Ken was the second youngest. He was an architect and journalist before entering politics.

==Politics==
His elder brother Doug, with whom he was closely associated, was a prominent trade unionist. Ken was a member of the Federated Clerks' Union in 1928 when the Federated Confectioners' Association was persuaded to have him and brother Doug nominated to the Australian Labor Party (ALP) conference as candidates for Central No.1 seats at Legislative Council election. Neither was elected.
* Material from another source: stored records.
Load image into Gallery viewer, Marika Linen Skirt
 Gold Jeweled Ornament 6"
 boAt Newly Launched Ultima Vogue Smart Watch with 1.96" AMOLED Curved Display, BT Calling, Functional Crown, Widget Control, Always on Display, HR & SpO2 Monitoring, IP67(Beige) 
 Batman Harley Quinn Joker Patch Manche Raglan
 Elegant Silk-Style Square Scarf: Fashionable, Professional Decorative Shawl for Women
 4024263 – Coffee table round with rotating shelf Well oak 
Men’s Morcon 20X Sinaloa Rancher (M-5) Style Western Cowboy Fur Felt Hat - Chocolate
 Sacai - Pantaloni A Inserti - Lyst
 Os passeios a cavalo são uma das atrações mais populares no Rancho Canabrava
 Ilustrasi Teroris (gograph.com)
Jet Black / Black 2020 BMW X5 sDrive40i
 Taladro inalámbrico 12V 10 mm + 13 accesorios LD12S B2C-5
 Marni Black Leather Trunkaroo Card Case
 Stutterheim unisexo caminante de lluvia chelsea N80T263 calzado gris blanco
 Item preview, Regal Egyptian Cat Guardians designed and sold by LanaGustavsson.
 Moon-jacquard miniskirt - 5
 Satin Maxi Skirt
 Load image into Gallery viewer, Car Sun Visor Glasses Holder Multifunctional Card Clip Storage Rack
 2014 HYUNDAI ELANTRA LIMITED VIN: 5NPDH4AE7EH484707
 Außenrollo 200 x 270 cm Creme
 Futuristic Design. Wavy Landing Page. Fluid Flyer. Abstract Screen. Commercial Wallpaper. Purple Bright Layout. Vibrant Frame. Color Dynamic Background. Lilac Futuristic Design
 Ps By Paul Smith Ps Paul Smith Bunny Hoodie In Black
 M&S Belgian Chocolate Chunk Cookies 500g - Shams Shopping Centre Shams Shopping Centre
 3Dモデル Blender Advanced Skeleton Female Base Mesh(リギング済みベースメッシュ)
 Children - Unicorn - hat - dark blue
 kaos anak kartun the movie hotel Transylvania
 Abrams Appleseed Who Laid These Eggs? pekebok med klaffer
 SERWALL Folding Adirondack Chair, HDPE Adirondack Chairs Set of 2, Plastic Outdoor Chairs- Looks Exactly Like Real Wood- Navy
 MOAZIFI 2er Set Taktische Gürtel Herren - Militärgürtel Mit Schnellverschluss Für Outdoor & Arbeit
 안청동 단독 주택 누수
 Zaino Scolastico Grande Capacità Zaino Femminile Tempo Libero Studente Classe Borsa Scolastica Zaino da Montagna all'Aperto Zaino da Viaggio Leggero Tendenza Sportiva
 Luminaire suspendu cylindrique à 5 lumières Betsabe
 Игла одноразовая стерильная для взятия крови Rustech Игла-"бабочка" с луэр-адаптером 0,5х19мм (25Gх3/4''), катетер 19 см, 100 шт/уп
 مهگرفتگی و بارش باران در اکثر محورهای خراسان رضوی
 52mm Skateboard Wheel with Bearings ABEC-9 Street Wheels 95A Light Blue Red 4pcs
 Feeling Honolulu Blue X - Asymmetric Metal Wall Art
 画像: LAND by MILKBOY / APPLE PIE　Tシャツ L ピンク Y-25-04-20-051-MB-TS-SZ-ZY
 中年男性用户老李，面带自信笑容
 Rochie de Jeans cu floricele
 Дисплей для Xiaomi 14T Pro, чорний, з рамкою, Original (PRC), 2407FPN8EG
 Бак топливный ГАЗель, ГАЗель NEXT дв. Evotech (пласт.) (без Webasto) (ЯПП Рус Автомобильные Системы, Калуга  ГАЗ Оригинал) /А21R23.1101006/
In January 1930 both brothers contested the ALP plebiscite to select candidates for the upcoming State elections. After a series of unsworn allegations of collusion and vote buying at the preselection ballot, a three-man committee of enquiry (Sampson, Burgess and Grealy) had both brothers sacked from the ALP; they formed the Lang Labor Party, a South Australian section of the Lang Labor movement, which attracted a sizeable following among workers disaffected with both major parties' response to the high and growing unemployment during the Great Depression. Lang Labor made a clean sweep of the three-member Adelaide electoral district in the House of Assembly in 1933.

Bardolph was the proprietor of Labour Weekly, a Lang Labor newspaper. In 1932, following Lang's dismissal, he sued the New South Wales state government for breach of contract when it rescinded an advertising contract for the NSW Government Tourism Bureau that Lang had authorised. The case found its way to the High Court, which in Bardolph v New South Wales ruled in favour of Bardolph and established the principle that explicit statute law was not necessary for the state government to enter into contracts and expend funds.

In an effort to reclaim members lost to Lang Labor and the Parliamentary Labor Party, the ALP rescinded all expulsions in 1934. Eventually, in 1941, Ken was elected to a Central District No. 1 seat on the Legislative Council, which he retained until his death.

In 1946, by a narrow margin, he was sacked from the Trades and Labor Council on the grounds he was not a bona fide organiser of the Confectioners' Union. This despite the fact he had been delegate of the Council over many years and its president for two years.

==Family==
On 29 March 1927 he married Mary Josephine "Mollie" Dineen; their children were Donald, June, Ann, Helen, Kenneth, Marie, and Therese.

His older brother Doug was the member for Adelaide in the House of Assembly from 1933 until 1944. His other brothers were Donald Francis Bardolph (ca.1887 – January 1919), Harold Travers Bardolph (ca.1890 – 28 January 1919), and (Clement Patrick) Charles Bardolph (ca.1897 – September 1926).